The Tajik commander’s increasingly visible role could expand IS operations beyond Syria and Iraq, experts say.

“With his capabilities and trainings, combined with increased pressure on IS in the Middle East, there is a faint possibility that he may look more toward creating problems in Central Asia in a desperate attempt to remain relevant,” said Ethan Wilensky Lanford, an expert on Countering Violent Extremism at Rice University in Houston, Texas.

Central Asia has proven to be fertile recruiting ground for IS, whose ranks now include thousands of Asian fighters in Iraq and Syria. Russia has long been aware of the IS recruitment process and worries that a stronger IS presence in Central Asia would be a growing threat to Russian national security.

“His promotion is also strategically valuable as this can bolster [IS] foreign recruitment efforts,” Smith said of Khalimov. He is said to be the organizer of a radical group known as the Cyrillic Jihadists — Russian speakers who come from the former Soviet republics.

Follow NewsGram on Twitter

“These fighters are very different from others in terms of discipline and military training, compared to their Arab and African counterparts,” said Salem al-Hammoud, an activist who fled to Turkey from the IS-controlled Syrian city of Deir Ezzor.
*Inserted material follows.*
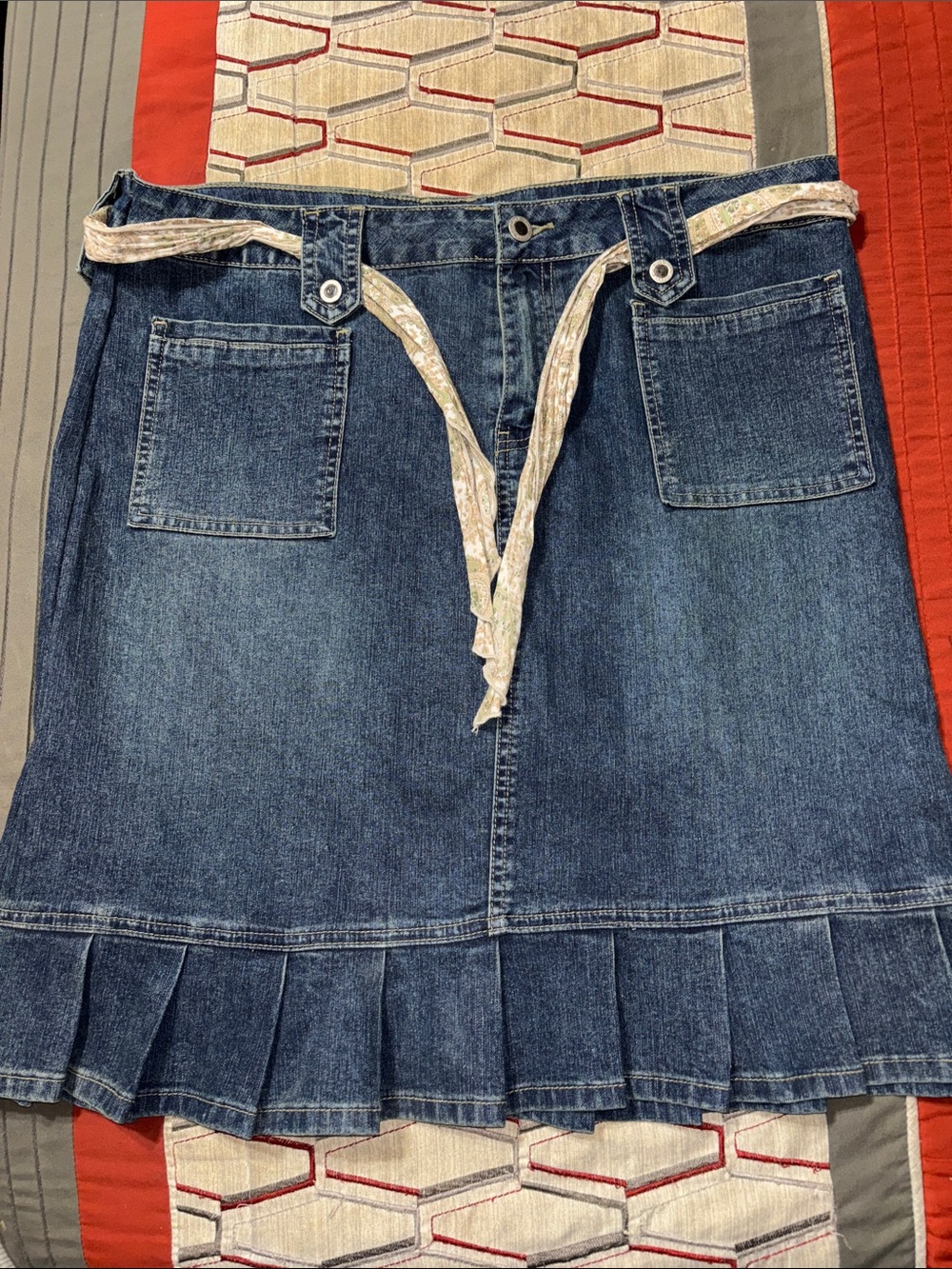 Duck Head Dark Blue Denim A-Line Skirt with Pleated Hem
Islamic State’s leaders appoint the Central Asians to important posts, Hammoud says, “because they are tough and they do not sympathize with locals.” And since they do not mingle with other jihadists, he added, IS leaders view them as “a very reliable, resilient force.”
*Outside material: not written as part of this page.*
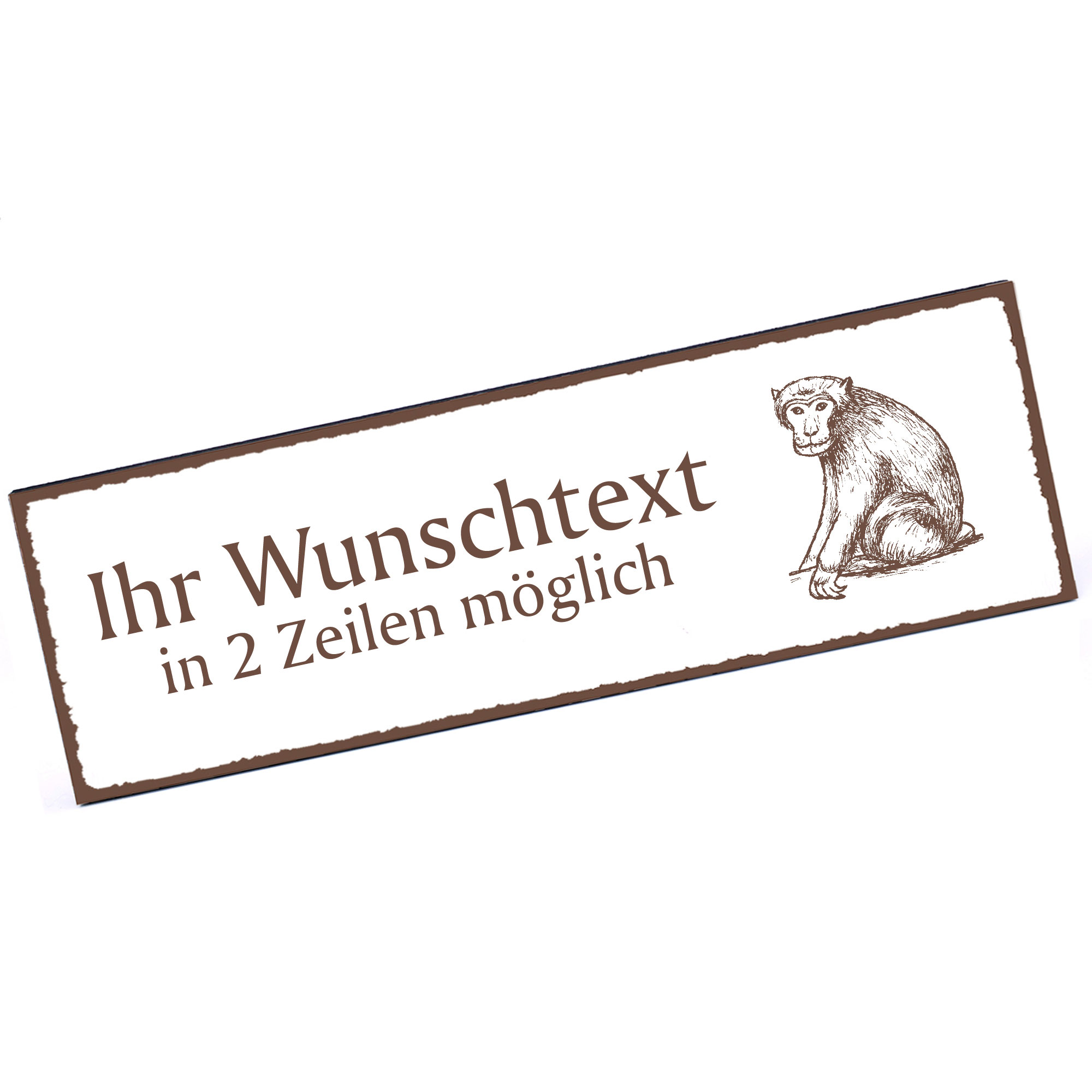 Türschild sitzender Affe  Namensschild personalisiert mit Gravur - 150mm x 50mm - selbstklebend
Khalimov is believed to be directing IS recruiting operations from Syria, analysts say.

A terrorist’s diary

An IS fighter from Turkey, Rashid Tugral, died in a battle in June, the extremist group said. In a diary he kept, which has been obtained by VOA, Tugral recalled that Khalimov interviewed him in Raqqa before he was accepted into Islamic State. “Most of jihadists were from Central Asia, so Khalimov asked most of his questions either in Russian or Tajiki [Dari],” Tugral wrote.

A highly trained veteran of Tajik government operations, Khalimov disappeared from Tajikistan in late April 2015 and reappeared a month later in an IS video slamming Russia and the U.S . His disdain for Americans and the West, he said, developed as a result of five counterterrorism training courses he took in the United States and Tajikistan, sponsored by the U.S. State Department’s Diplomatic Security and Anti-Terrorism Assistance program.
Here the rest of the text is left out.